[Assignment]: Give again only those lines from the start of the entries through the line holding "Used Peugeot 208", leaving them as they are.
-------
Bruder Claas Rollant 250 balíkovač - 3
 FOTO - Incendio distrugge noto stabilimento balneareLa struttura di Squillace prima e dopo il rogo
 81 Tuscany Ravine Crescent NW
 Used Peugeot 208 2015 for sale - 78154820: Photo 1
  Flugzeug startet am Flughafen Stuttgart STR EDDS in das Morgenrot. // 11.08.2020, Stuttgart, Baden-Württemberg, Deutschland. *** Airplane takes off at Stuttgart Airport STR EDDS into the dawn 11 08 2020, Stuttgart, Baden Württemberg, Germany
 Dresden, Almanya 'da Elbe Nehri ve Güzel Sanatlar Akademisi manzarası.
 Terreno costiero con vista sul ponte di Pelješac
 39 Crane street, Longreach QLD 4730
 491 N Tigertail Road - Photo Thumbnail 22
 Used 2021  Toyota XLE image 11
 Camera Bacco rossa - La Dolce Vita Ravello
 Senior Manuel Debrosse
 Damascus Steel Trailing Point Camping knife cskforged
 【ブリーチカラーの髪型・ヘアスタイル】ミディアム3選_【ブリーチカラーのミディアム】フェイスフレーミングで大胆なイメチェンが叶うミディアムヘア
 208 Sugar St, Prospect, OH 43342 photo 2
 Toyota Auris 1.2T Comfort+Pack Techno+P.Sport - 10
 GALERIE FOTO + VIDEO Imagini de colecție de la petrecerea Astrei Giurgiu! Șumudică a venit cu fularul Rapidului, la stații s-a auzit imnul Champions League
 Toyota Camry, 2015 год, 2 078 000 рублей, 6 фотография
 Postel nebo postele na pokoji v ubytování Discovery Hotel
-------
[Problem solution]:
Bruder Claas Rollant 250 balíkovač - 3
 FOTO - Incendio distrugge noto stabilimento balneareLa struttura di Squillace prima e dopo il rogo
 81 Tuscany Ravine Crescent NW
 Used Peugeot 208 2015 for sale - 78154820: Photo 1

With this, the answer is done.